Can someone explain which right triangle I should be using here (and why it’s right-angled)? A quick, clean way to set this up without overcomplicating it would really help.
















3 Responses
Yup-set coordinates so M=(0,0,4) and the opposite corner is (10,6,8), then the distance is sqrt((10)^2+(6)^2+(8−4)^2)=sqrt(152); equivalently, the horizontal separation is sqrt(10^2+6^2) and the vertical difference is 4, and those are perpendicular (vertical vs horizontal), so Pythagoras applies. Hope this helps!

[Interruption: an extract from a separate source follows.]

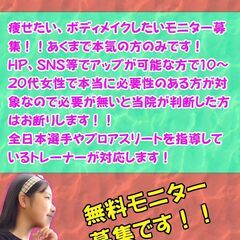 格安ボディメイクモニター募集！！本気の方だけ募集してきてくださいの画像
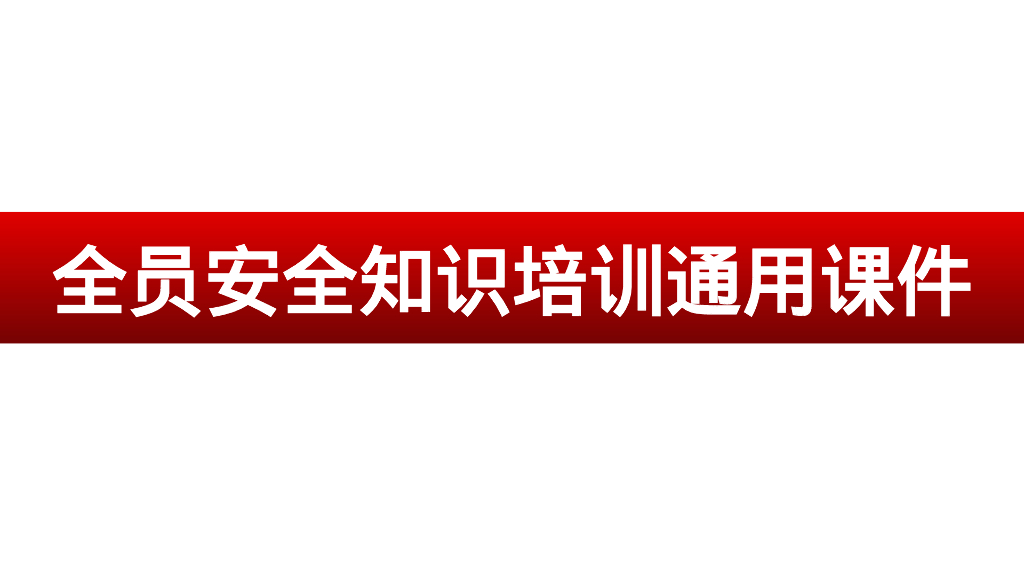 全员安全知识培训通用课件138P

I think the clean way is to use the 3D distance: from M=(0,0,4) to the opposite corner (10,6,8), the horizontal leg is the base diagonal sqrt(10^2+6^2)=sqrt(136) and the vertical change is 4, so the distance is sqrt(136+4^2)=sqrt(152). Picture sliding horizontally to S=(10,6,4) and then straight up-horizontal vs vertical makes a right angle, so Pythagoras applies; quick refresher: https://www.mathsisfun.com/algebra/distance-3d-points.html
Yes-let H be the point directly below the opposite corner but at M’s height (10,6,4): MH is a purely horizontal base diagonal of length sqrt(10^2+6^2), HT is a vertical 4, they’re perpendicular, so MT = sqrt(10^2+6^2+4^2) = sqrt(152). I once kept using the bottom diagonal until a teacher said “slide then climb,” and drawing that little right triangle (horizontal slide, then vertical climb) finally made it click for me.